Мой рюкзак был почти собран. Беспокойно поглядывая на часы, я ждал Андрея. От него зависело мясное обеспечение в виде банок с тушенкой, часть которых принадлежала мне. Я думал о том, как встретит нас Алушта и как сумеем мы вписаться в столь изысканный ландшафт. Утопая взглядом в темно-синей ночи, я стоял на балконе, словно на капитанском мостике, и, мечтая, уносился к морским берегам, и всякий раз, когда туманные очертания в моей голове принимали какие-нибудь формы, у меня захватывало дух от предвкушения неизвестности и чего-то волнующе далекого.
Геннадий Александрович Исиков – известный писатель, член Российского Союза писателей, кандидат в члены Интернационального Союза писателей, победитель многих литературных конкурсов. Книга «Наследники Дерсу» – одно из лучших произведений автора, не зря отрывок из нее включен в «Хрестоматию для старшего школьного возраста „Мир глазами современных писателей“» в серии «Писатели ХХI века», «Современники и классики». Роман, написанный в лучших традициях советской классической прозы, переносит читателя во времена великой эпохи развитого социализма в нашей стране.
В книге рассказывается история главного героя, который сталкивается с различными проблемами и препятствиями на протяжении всего своего путешествия. По пути он встречает множество второстепенных персонажей, которые играют важные роли в истории. Благодаря опыту главного героя книга исследует такие темы, как любовь, потеря, надежда и стойкость. По мере того, как главный герой преодолевает свои трудности, он усваивает ценные уроки жизни и растет как личность.
Новиков Анатолий Иванович родился в 1943 г. в городе Норильске. Рано начал трудовой путь. Работал фрезеровщиком па заводах Саратова и Ленинграда, техником-путейцем в Вологде, радиотехником в свердловском аэропорту. Отслужил в армии, закончил университет, теперь — журналист. «Третий номер» — первая журнальная публикация.

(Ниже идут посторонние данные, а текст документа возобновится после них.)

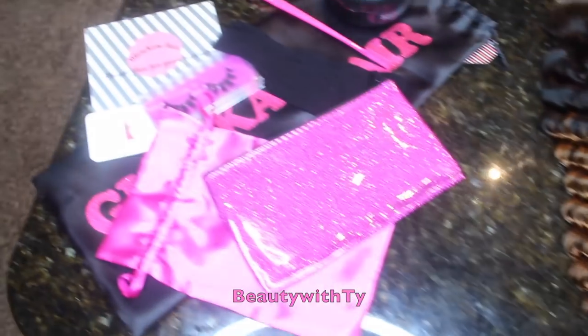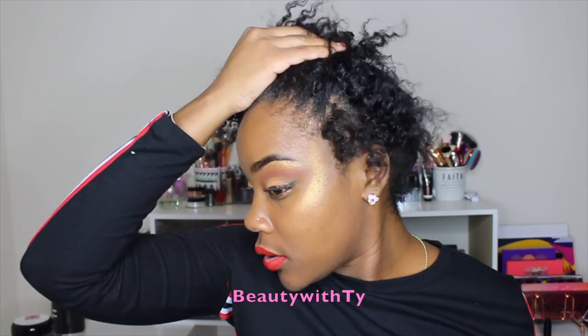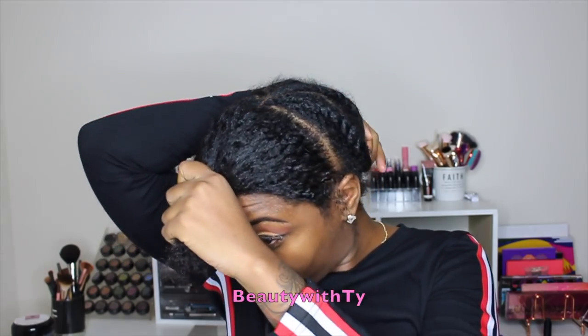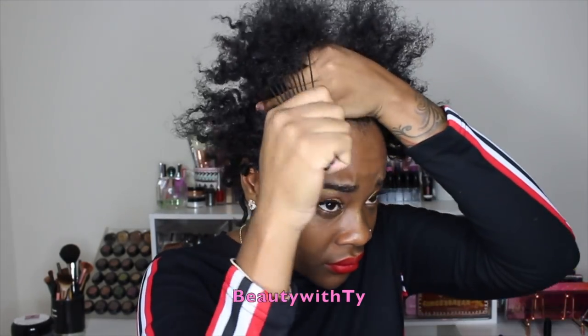There were so many things in this package — you can tell they put a lot of work into that packaging. Here I'm showing my braids, old but good. I went ahead and took out the first couple so I can do the half up, half down and keep the rest braided back for the sewing I'll be doing in the back.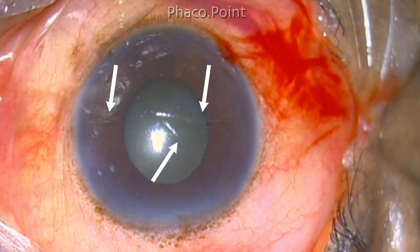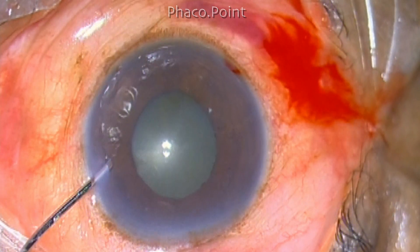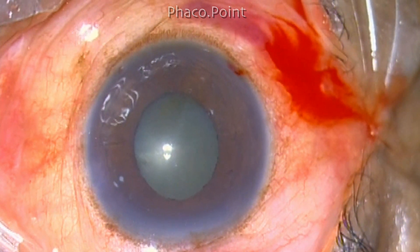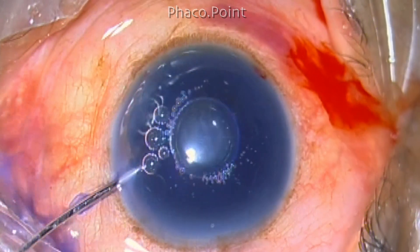These are the toric marks that have been made under the slit lamp using a hockey stick blade. A little more supplementation of lignocaine is given intracamerally because I intend to put the pupil dilating devices as well, and then the anterior capsule is stained with trypan blue.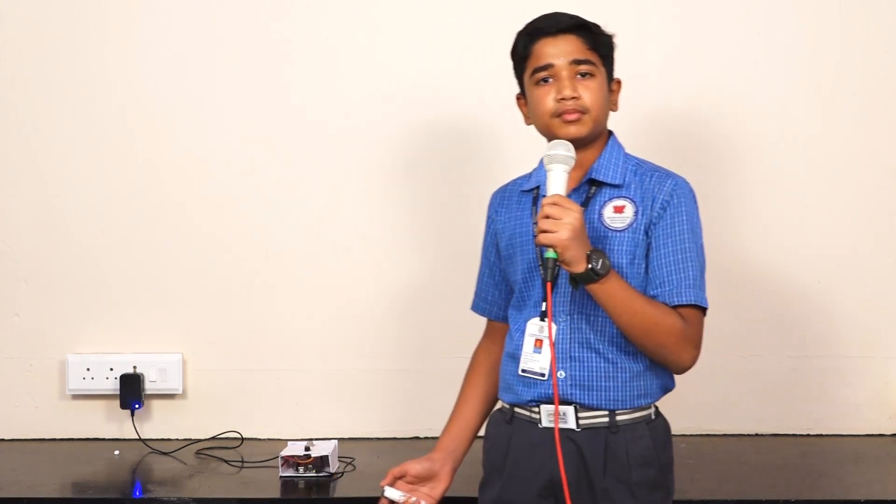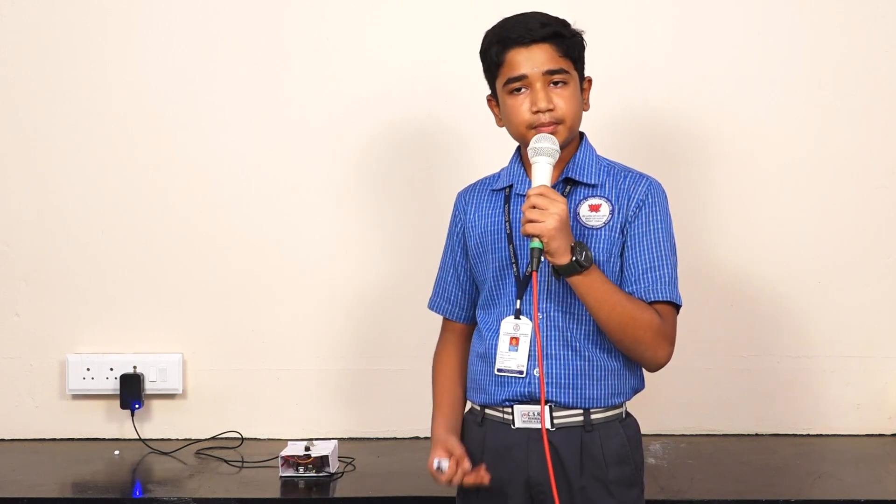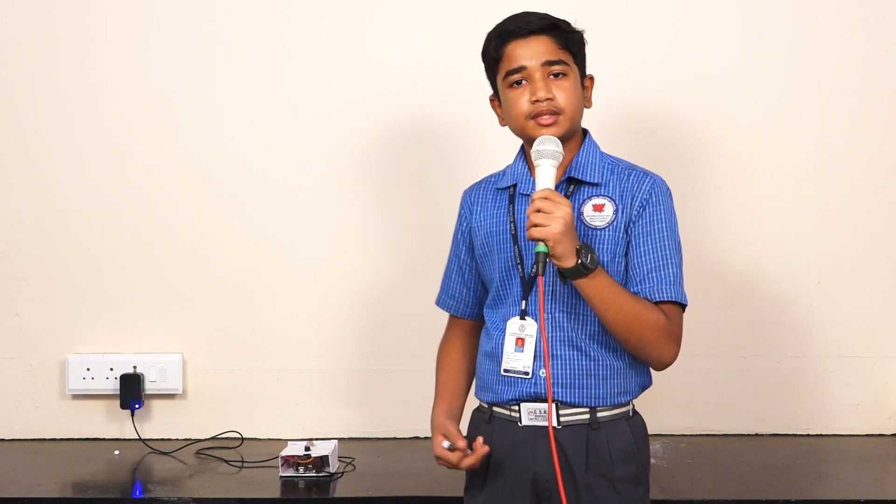I made this project using common components like Arduino Uno, gas sensor, LPG gas sensor, and a buzzer, along with some jumper cables.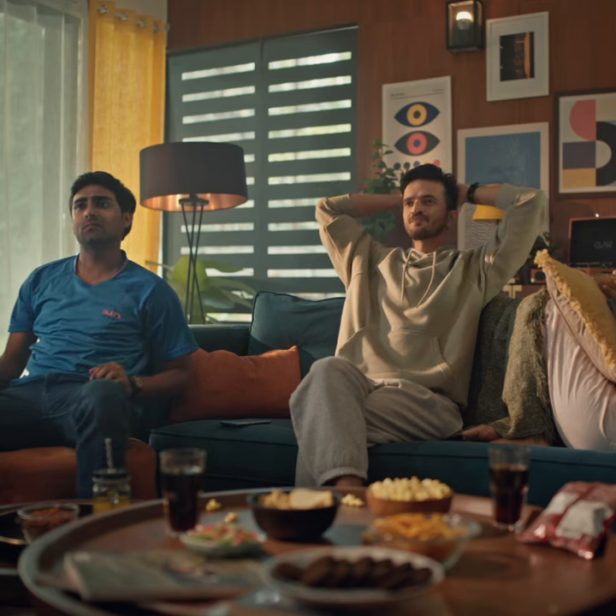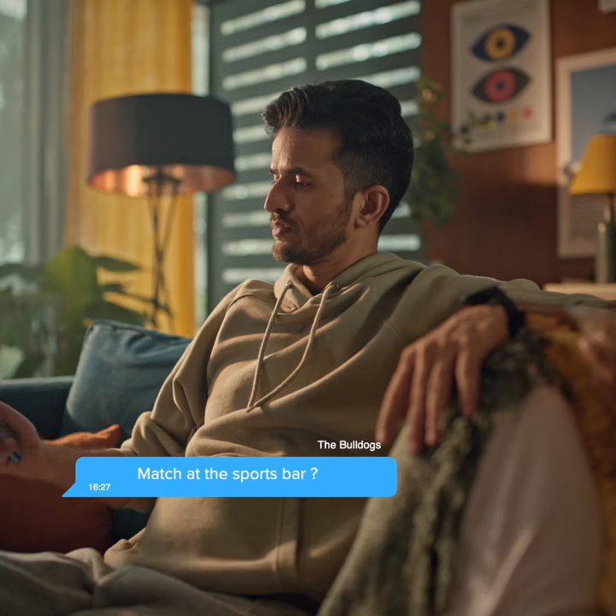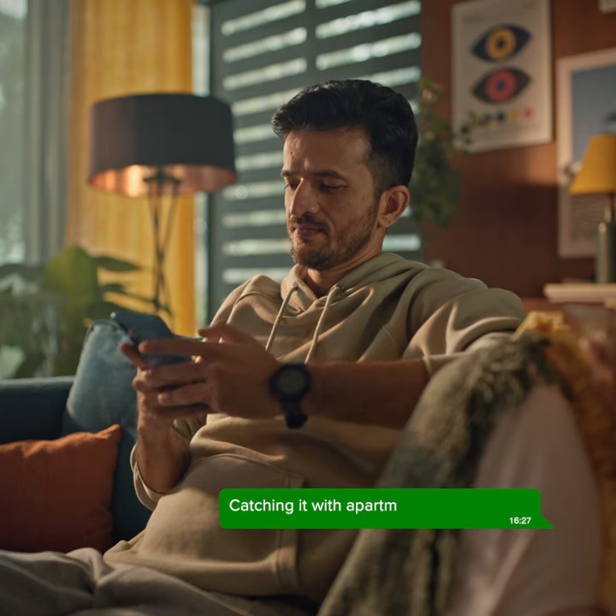He's been given out. Let's confirm it's a fair delivery. Yes it is.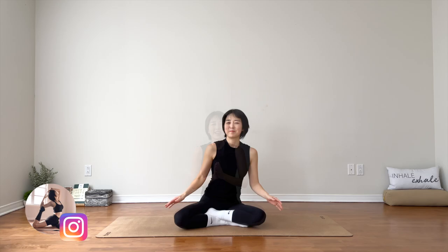And release. Great job. Shake it out. Thank you so much for sharing your practice with me. Hope to see you soon on the mat. Take good care. Namaste.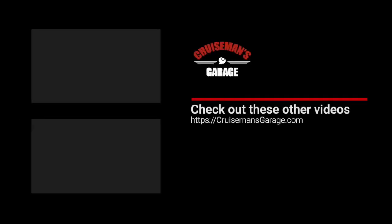If you enjoyed this video, please take a second to give it a thumbs up. And don't forget to click the subscribe button and that little bell icon so YouTube will notify you of new videos when they become available.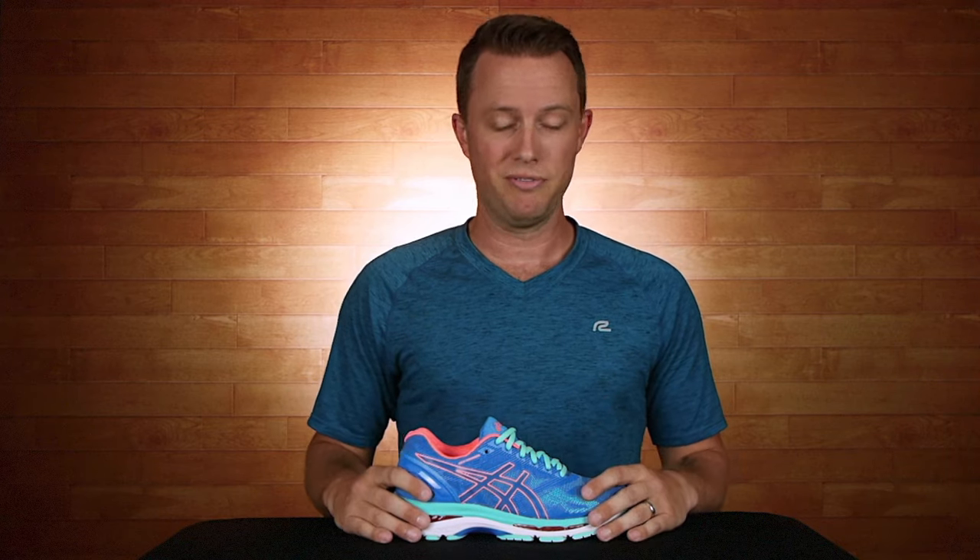Now, I can go on and on about this shoe, but there's simply not enough time in the video. So now you're an expert on this shoe, but the only way you'll really know if it's the right shoe for you is if you lace them up and go out for a run.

В книге рассказывается история главного героя, который сталкивается с различными проблемами и препятствиями на протяжении всего своего путешествия. По пути он встречает множество второстепенных персонажей, которые играют важные роли в истории. Благодаря опыту главного героя книга исследует такие темы, как любовь, потеря, надежда и стойкость. По мере того, как главный герой преодолевает свои трудности, он усваивает ценные уроки жизни и растет как личность.